An exact copy of all the data is required.
━━━━━ Supplied records
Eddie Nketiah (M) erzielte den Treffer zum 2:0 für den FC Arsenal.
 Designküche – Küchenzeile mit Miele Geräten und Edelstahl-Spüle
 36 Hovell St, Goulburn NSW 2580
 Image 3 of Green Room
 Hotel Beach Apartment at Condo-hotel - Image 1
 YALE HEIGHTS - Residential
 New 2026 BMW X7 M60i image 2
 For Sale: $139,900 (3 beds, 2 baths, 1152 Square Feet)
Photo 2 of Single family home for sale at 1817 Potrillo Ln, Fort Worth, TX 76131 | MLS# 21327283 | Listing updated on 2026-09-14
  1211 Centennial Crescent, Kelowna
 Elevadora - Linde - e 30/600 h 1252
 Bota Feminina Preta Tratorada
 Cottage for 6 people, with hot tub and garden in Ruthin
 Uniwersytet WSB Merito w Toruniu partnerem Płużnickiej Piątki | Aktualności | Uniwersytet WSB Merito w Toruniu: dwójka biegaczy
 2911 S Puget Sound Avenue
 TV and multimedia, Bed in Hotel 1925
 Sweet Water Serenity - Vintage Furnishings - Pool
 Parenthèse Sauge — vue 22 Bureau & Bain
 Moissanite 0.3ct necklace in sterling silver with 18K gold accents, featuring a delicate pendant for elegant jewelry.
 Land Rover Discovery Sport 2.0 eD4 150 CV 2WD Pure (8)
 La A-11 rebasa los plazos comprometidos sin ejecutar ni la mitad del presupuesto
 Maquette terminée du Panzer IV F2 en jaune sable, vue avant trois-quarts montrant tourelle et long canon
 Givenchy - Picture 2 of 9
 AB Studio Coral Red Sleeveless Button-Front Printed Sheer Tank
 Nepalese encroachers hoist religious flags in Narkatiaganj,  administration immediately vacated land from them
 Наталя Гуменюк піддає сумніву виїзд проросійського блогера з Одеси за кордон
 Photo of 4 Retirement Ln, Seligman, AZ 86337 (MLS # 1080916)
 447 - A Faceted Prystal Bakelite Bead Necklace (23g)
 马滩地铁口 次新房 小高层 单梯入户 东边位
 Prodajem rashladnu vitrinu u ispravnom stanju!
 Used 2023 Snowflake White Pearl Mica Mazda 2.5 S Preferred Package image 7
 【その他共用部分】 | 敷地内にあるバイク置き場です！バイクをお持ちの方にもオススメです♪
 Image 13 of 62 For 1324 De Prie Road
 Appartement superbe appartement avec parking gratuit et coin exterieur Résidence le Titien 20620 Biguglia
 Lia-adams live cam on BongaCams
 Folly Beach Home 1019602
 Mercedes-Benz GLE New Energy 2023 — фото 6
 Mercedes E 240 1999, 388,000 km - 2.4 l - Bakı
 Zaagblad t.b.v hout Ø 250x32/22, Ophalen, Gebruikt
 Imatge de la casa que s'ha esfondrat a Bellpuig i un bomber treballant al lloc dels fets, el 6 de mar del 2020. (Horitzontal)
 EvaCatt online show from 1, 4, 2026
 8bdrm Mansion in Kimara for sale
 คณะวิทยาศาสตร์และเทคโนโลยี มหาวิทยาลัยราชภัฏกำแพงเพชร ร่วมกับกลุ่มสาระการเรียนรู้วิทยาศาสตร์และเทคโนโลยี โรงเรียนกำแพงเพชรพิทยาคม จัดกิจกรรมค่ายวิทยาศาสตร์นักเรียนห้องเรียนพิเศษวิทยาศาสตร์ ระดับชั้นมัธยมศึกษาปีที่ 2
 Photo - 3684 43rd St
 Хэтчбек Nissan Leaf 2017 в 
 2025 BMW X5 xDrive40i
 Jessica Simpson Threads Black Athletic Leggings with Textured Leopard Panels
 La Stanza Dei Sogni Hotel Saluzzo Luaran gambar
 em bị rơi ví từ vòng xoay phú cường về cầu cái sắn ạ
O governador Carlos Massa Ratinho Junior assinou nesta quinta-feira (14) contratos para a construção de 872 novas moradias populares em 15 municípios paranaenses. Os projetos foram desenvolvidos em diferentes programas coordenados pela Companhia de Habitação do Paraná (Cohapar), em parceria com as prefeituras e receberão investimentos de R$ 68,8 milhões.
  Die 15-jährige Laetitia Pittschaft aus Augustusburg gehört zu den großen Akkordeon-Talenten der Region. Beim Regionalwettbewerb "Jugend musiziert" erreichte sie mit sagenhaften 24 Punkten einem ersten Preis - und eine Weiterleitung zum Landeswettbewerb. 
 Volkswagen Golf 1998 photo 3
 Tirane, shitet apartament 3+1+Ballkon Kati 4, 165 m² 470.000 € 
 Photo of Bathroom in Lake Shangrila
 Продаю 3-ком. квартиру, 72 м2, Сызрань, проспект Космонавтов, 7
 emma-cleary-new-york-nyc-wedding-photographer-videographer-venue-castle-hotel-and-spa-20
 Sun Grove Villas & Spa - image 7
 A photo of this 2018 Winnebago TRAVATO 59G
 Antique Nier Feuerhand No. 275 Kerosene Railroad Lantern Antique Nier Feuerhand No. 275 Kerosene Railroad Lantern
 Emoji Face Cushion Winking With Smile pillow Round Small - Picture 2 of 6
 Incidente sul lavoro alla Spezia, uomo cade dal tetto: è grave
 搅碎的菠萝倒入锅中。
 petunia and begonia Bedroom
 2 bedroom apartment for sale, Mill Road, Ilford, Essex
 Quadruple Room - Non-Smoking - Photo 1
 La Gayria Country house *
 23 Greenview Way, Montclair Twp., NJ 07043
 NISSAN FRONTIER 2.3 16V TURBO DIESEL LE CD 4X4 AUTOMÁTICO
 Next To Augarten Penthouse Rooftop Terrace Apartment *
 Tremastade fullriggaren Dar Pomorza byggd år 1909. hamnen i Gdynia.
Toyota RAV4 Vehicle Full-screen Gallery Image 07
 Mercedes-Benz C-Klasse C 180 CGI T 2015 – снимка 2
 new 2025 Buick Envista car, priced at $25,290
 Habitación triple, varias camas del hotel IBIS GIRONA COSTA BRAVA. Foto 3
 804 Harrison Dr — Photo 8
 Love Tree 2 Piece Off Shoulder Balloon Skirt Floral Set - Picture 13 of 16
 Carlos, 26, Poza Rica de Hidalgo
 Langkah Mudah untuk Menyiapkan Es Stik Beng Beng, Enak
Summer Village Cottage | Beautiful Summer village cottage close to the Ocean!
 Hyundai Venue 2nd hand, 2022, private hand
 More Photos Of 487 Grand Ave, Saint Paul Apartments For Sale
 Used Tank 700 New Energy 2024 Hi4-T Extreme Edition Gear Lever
━━━━━━━━━━
• **Problem solution**:
Eddie Nketiah (M) erzielte den Treffer zum 2:0 für den FC Arsenal.
 Designküche – Küchenzeile mit Miele Geräten und Edelstahl-Spüle
 36 Hovell St, Goulburn NSW 2580
 Image 3 of Green Room
 Hotel Beach Apartment at Condo-hotel - Image 1
 YALE HEIGHTS - Residential
 New 2026 BMW X7 M60i image 2
 For Sale: $139,900 (3 beds, 2 baths, 1152 Square Feet)
Photo 2 of Single family home for sale at 1817 Potrillo Ln, Fort Worth, TX 76131 | MLS# 21327283 | Listing updated on 2026-09-14
  1211 Centennial Crescent, Kelowna
 Elevadora - Linde - e 30/600 h 1252
 Bota Feminina Preta Tratorada
 Cottage for 6 people, with hot tub and garden in Ruthin
 Uniwersytet WSB Merito w Toruniu partnerem Płużnickiej Piątki | Aktualności | Uniwersytet WSB Merito w Toruniu: dwójka biegaczy
 2911 S Puget Sound Avenue
 TV and multimedia, Bed in Hotel 1925
 Sweet Water Serenity - Vintage Furnishings - Pool
 Parenthèse Sauge — vue 22 Bureau & Bain
 Moissanite 0.3ct necklace in sterling silver with 18K gold accents, featuring a delicate pendant for elegant jewelry.
 Land Rover Discovery Sport 2.0 eD4 150 CV 2WD Pure (8)
 La A-11 rebasa los plazos comprometidos sin ejecutar ni la mitad del presupuesto
 Maquette terminée du Panzer IV F2 en jaune sable, vue avant trois-quarts montrant tourelle et long canon
 Givenchy - Picture 2 of 9
 AB Studio Coral Red Sleeveless Button-Front Printed Sheer Tank
 Nepalese encroachers hoist religious flags in Narkatiaganj,  administration immediately vacated land from them
 Наталя Гуменюк піддає сумніву виїзд проросійського блогера з Одеси за кордон
 Photo of 4 Retirement Ln, Seligman, AZ 86337 (MLS # 1080916)
 447 - A Faceted Prystal Bakelite Bead Necklace (23g)
 马滩地铁口 次新房 小高层 单梯入户 东边位
 Prodajem rashladnu vitrinu u ispravnom stanju!
 Used 2023 Snowflake White Pearl Mica Mazda 2.5 S Preferred Package image 7
 【その他共用部分】 | 敷地内にあるバイク置き場です！バイクをお持ちの方にもオススメです♪
 Image 13 of 62 For 1324 De Prie Road
 Appartement superbe appartement avec parking gratuit et coin exterieur Résidence le Titien 20620 Biguglia
 Lia-adams live cam on BongaCams
 Folly Beach Home 1019602
 Mercedes-Benz GLE New Energy 2023 — фото 6
 Mercedes E 240 1999, 388,000 km - 2.4 l - Bakı
 Zaagblad t.b.v hout Ø 250x32/22, Ophalen, Gebruikt
 Imatge de la casa que s'ha esfondrat a Bellpuig i un bomber treballant al lloc dels fets, el 6 de mar del 2020. (Horitzontal)
 EvaCatt online show from 1, 4, 2026
 8bdrm Mansion in Kimara for sale
 คณะวิทยาศาสตร์และเทคโนโลยี มหาวิทยาลัยราชภัฏกำแพงเพชร ร่วมกับกลุ่มสาระการเรียนรู้วิทยาศาสตร์และเทคโนโลยี โรงเรียนกำแพงเพชรพิทยาคม จัดกิจกรรมค่ายวิทยาศาสตร์นักเรียนห้องเรียนพิเศษวิทยาศาสตร์ ระดับชั้นมัธยมศึกษาปีที่ 2
 Photo - 3684 43rd St
 Хэтчбек Nissan Leaf 2017 в 
 2025 BMW X5 xDrive40i
 Jessica Simpson Threads Black Athletic Leggings with Textured Leopard Panels
 La Stanza Dei Sogni Hotel Saluzzo Luaran gambar
 em bị rơi ví từ vòng xoay phú cường về cầu cái sắn ạ
O governador Carlos Massa Ratinho Junior assinou nesta quinta-feira (14) contratos para a construção de 872 novas moradias populares em 15 municípios paranaenses. Os projetos foram desenvolvidos em diferentes programas coordenados pela Companhia de Habitação do Paraná (Cohapar), em parceria com as prefeituras e receberão investimentos de R$ 68,8 milhões.
  Die 15-jährige Laetitia Pittschaft aus Augustusburg gehört zu den großen Akkordeon-Talenten der Region. Beim Regionalwettbewerb "Jugend musiziert" erreichte sie mit sagenhaften 24 Punkten einem ersten Preis - und eine Weiterleitung zum Landeswettbewerb. 
 Volkswagen Golf 1998 photo 3
 Tirane, shitet apartament 3+1+Ballkon Kati 4, 165 m² 470.000 € 
 Photo of Bathroom in Lake Shangrila
 Продаю 3-ком. квартиру, 72 м2, Сызрань, проспект Космонавтов, 7
 emma-cleary-new-york-nyc-wedding-photographer-videographer-venue-castle-hotel-and-spa-20
 Sun Grove Villas & Spa - image 7
 A photo of this 2018 Winnebago TRAVATO 59G
 Antique Nier Feuerhand No. 275 Kerosene Railroad Lantern Antique Nier Feuerhand No. 275 Kerosene Railroad Lantern
 Emoji Face Cushion Winking With Smile pillow Round Small - Picture 2 of 6
 Incidente sul lavoro alla Spezia, uomo cade dal tetto: è grave
 搅碎的菠萝倒入锅中。
 petunia and begonia Bedroom
 2 bedroom apartment for sale, Mill Road, Ilford, Essex
 Quadruple Room - Non-Smoking - Photo 1
 La Gayria Country house *
 23 Greenview Way, Montclair Twp., NJ 07043
 NISSAN FRONTIER 2.3 16V TURBO DIESEL LE CD 4X4 AUTOMÁTICO
 Next To Augarten Penthouse Rooftop Terrace Apartment *
 Tremastade fullriggaren Dar Pomorza byggd år 1909. hamnen i Gdynia.
Toyota RAV4 Vehicle Full-screen Gallery Image 07
 Mercedes-Benz C-Klasse C 180 CGI T 2015 – снимка 2
 new 2025 Buick Envista car, priced at $25,290
 Habitación triple, varias camas del hotel IBIS GIRONA COSTA BRAVA. Foto 3
 804 Harrison Dr — Photo 8
 Love Tree 2 Piece Off Shoulder Balloon Skirt Floral Set - Picture 13 of 16
 Carlos, 26, Poza Rica de Hidalgo
 Langkah Mudah untuk Menyiapkan Es Stik Beng Beng, Enak
Summer Village Cottage | Beautiful Summer village cottage close to the Ocean!
 Hyundai Venue 2nd hand, 2022, private hand
 More Photos Of 487 Grand Ave, Saint Paul Apartments For Sale
 Used Tank 700 New Energy 2024 Hi4-T Extreme Edition Gear Lever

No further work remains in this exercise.